Wednesday, October 14, 2009

 

Defaults by Developed Nations?

You betcha. There’s a lot of complacency in the industrialized nations, with people thinking that debt defaults are things that happen to banana republics. Rich countries don’t go bust, right?

Think again. One of the prime indicators of fiscal health is the debt-to-GDP ratio, which shows how a country’s public debt compares to its GDP. You’ll hear different opinions on what a healthy or manageable level is, but if you think of it in terms of a household economy, having a debt load that’s near half your annual income is pushing your luck. Yet, many countries are at 50% or over. Here is a table compiled by the CIA. The latest figures are from 2008, so you can bet most of these are now higher. The big shocker for many people will be seeing that economic powerhouse Japan at the number 2 spot, right after Zimbabwe. It’s a prime example that a lot of our “prosperity” is actually financed with debt. While Japan is listed here at 173%, it is widely believed that it will approach 200% within the year. Now, let’s be realistic. Even if the world economy heats up again, which it won’t, do you think debt like that can be repaid? Can you spell “default”?

But of course, such talk is taboo. Yet, we are hearing more and more of it. This blog entry notes that “By 2014, says the IMF, total public debt in the advanced economies will balloon to an unprecedented 115 percent of their GDP, compared with 75 percent in 2008.”

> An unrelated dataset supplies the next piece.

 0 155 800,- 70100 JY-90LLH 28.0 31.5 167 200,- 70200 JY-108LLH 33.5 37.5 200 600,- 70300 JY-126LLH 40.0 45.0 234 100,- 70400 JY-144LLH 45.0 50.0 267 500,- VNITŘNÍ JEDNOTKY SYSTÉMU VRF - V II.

Another thing to keep in mind is that this indicator is a ratio, so it changes when either debt or GDP changes. If a country has the same GDP, but rising debt, the ratio will go up. On the other hand, even if debt is not rising but GDP falls, the ratio will go up. Since GDPs have been sustained by growth that is in turn fueled by cheap energy, it’s a safe bet that few countries will escape GDP decline as energy constrains build. Do you see a problem here? The bottom line: Look for massive government defaults.